Among other things this remarkable book chronicles not only the rise of mechanized production, but also describes its attendant change in the modes of living from rural to urban, the rise of giant cities, which became the centres of education, science and culture. (His chapter on the arts, which did not, suprisingly, particularly grip me, nevertheless revealed some fascinating information, such as that “socially displaced young men and professional artists were the shock troops” of the Romantic rebellion against the bourgeois world: “Byron became famous overnight at 24, an age at which Shelley was famous and Keats was almost in his grave.” Hugo’s poetic career began when he was 20, Musset’s at 23, Schubert wrote Erlkoenig at the age of 18 and was dead at 31, Delacroix painted the Massacre of Chios at 25, Petofi published his Poems at 21. “An unmade reputation or an unproduced masterpiece by 30 is a rarity among the romantics,” writes Hobsbawm.)
Yet Hobsbawm’s book does emphasize the achievements stimulated by the industrialists and monied classes, the immense changes they brought about.

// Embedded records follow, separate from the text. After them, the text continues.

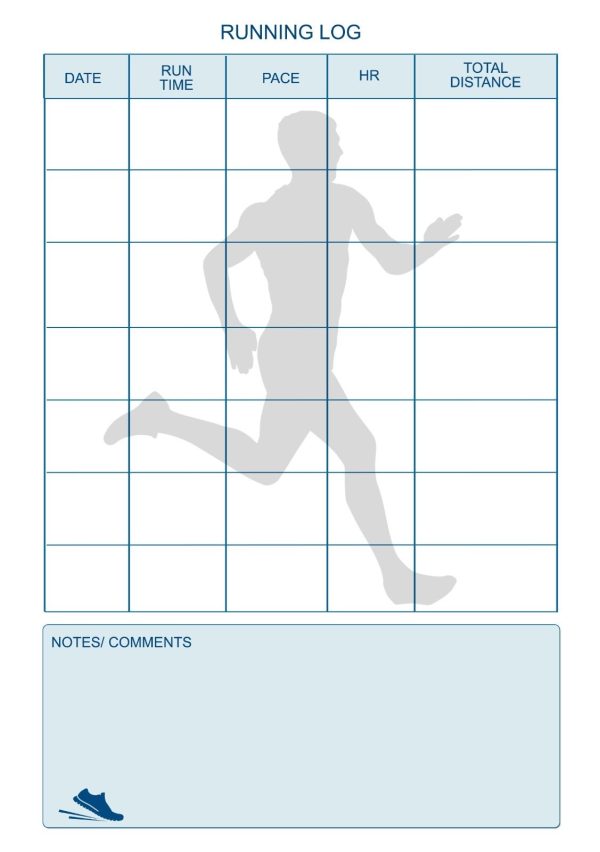 Non Personalised Running Log – Colourful Lady 2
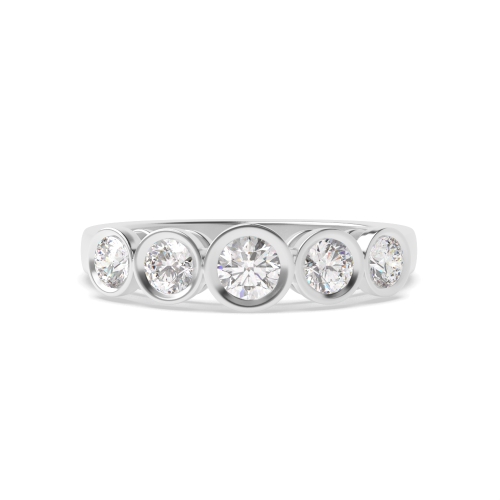 Bezel Setting Round stackable Five Stone Diamond Ring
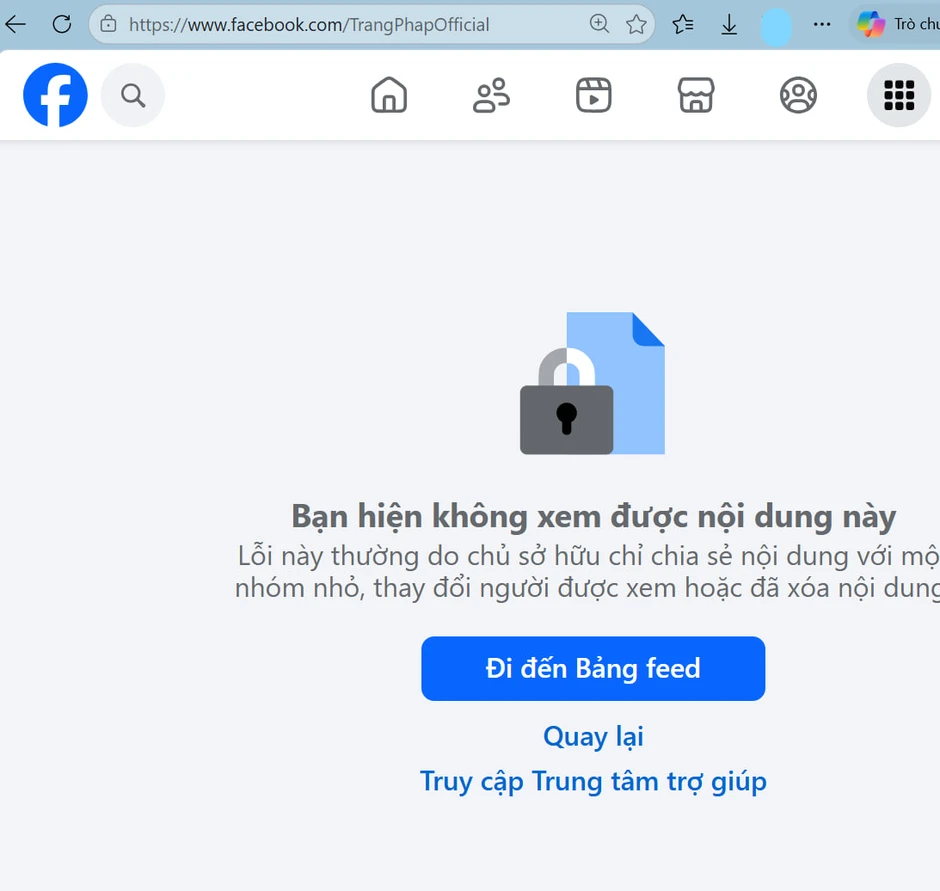 Trang Pháp "biến mất", khoá toàn bộ trang MXH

By 1848 “the population of the world was greater than ever before, its communications unbelievably speedier…Cities of vast size multiplied faster than ever before. Industrial production reached astronomic figures: in the 1840s something like 640 million tons of coal were hacked from the interior of the earth.” These achievements were exceeded only by the even more extraordinary figures for international commerce, which had multiplied fourfold since 1780 to reach something like 800 millions of pounds sterling worth…
“Science had never been more triumphant; knowledge had never been more widespread. Over four thousand newspapers informed the citizens of the world and the number of books published annually in Britain, France, Germany and the USA alone ran well into five figures…”
And so it goes, this catalogue of the hard-won triumphs of the industrialists and their underpaid wage slaves; set against the horrors of the living conditions into which people removed from their traditional lands were cast when they reached the cities.
And yet, in spite of its advances, the world of the 1840s was, he writes, “out of balance.” The future decline of Britain was already visible, and it was already evident it woud be overtaken eventually by the much larger economies of USA and Russia, and that even within Europe it would soon be challenged by Germany.
But was already clear, he writes, that sooner or later serfdom and slavery would have to go, that Britain could not for ever remain the only industrialized country, that landed aristocracies and absolute monarchies must retreat against the developed and developing bourgeoisie, and that the great legacy of the French revolution, the injection of political consciousness and political activity among the masses of people, must sooner or later mean that the masses would eventually play a formal part in politics.
For me, perhaps the most interesting part of this book is that it traces the development of the idea of socialism and communism, from their beginnings in the 1820s, through to the Communist manifesto of 1848, in which Marx and Engels suggested socialism (or some form of it) was not just rational, but as Marx posited, inevitable, an argument that, as Hobsbawm notes, defences are still being erected against today.
The intervening two volumes of this epic intellectual enterprise are The Age of Capital 1848-1875, and The Age of Empire 1875-1914. I am going to have to read these when I can find copies of them, after I return home at the end of July.